[Provided records Boundary: Start]

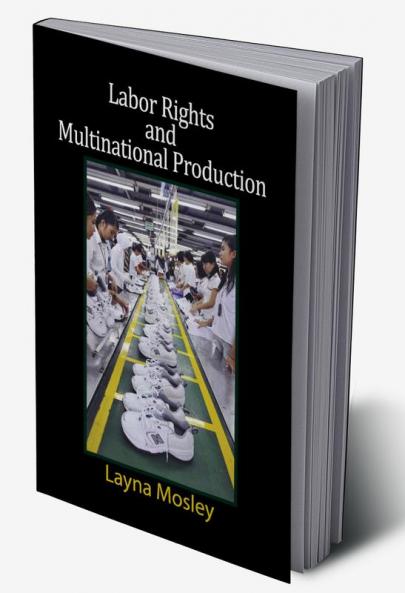 Labor Rights and Multinational Production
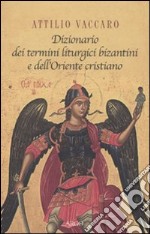 Dizionario dei termini liturgici bizantini e dell'oriente cristiano libro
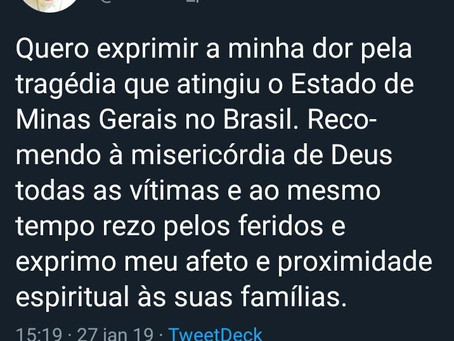 Papa Francisco: ''Quero exprimir a minha dor pela tragédia que atingiu Minas Gerais''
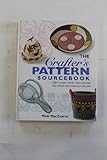 The crafter's pattern sourcebook : 1,001 classic motifs from around the world and through the ages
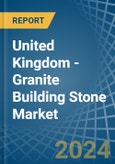 United Kingdom - Granite Building Stone - Market Analysis, Forecast, Size, Trends and Insights- Product Image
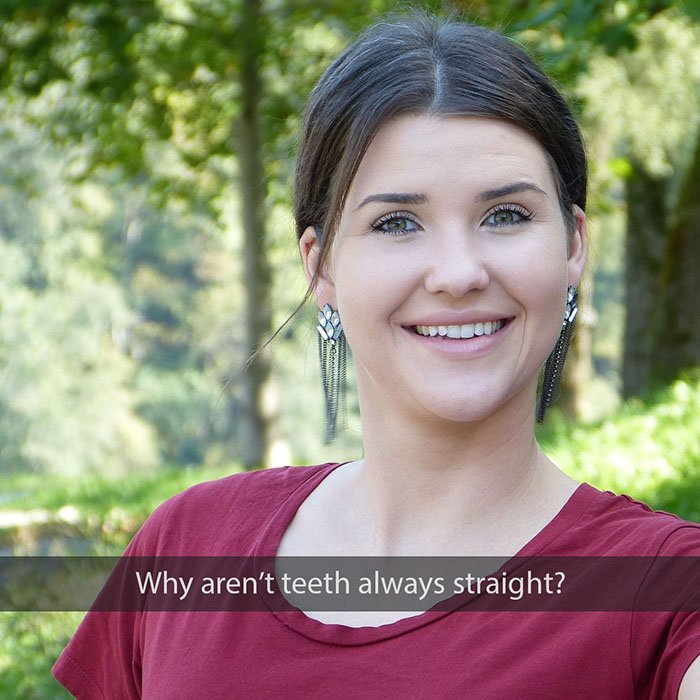 Why Aren't Teeth Always Straight?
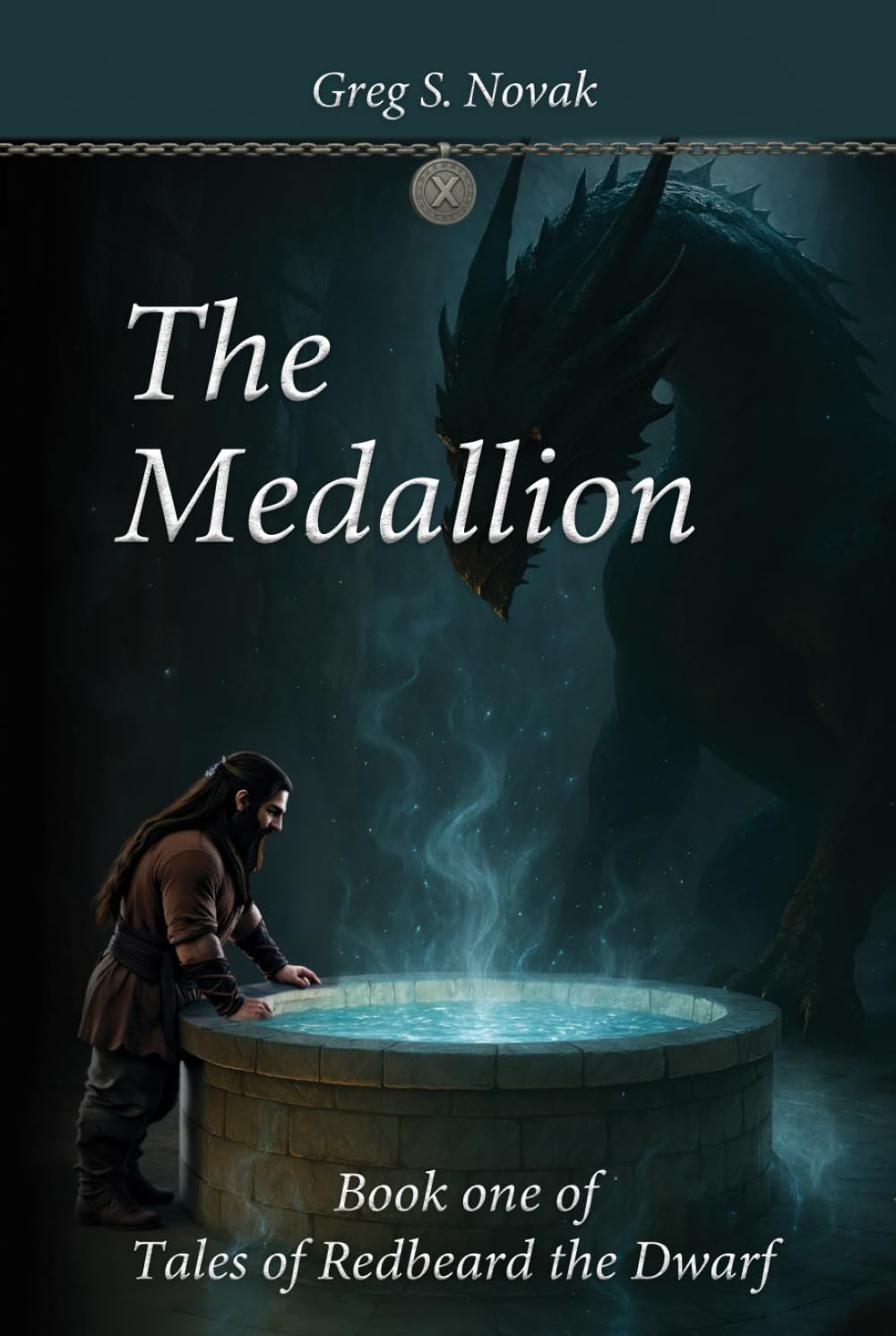 The Medallion: Book One of Tales of Redbeard the Dwarf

[Provided records Boundary: End]

## Task requirements
Print exactly, and only, the lines from the line containing "United Kingdom - Granite" to the last line of the material above, with every picture left out.

## Solved problem
 United Kingdom - Granite Building Stone - Market Analysis, Forecast, Size, Trends and Insights- Product Image
 Why Aren't Teeth Always Straight?
 The Medallion: Book One of Tales of Redbeard the Dwarf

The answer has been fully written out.